[SOURCE MATERIAL]:
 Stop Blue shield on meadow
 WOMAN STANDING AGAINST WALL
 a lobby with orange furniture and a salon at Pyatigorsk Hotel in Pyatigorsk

[WHAT THIS TASK INVOLVES]: All lines from the one with "WOMAN STANDING AGAINST WALL" through the final line above are to be quoted exactly; quote no other line.

[ANSWER FOR THE TASK]:
 WOMAN STANDING AGAINST WALL
 a lobby with orange furniture and a salon at Pyatigorsk Hotel in Pyatigorsk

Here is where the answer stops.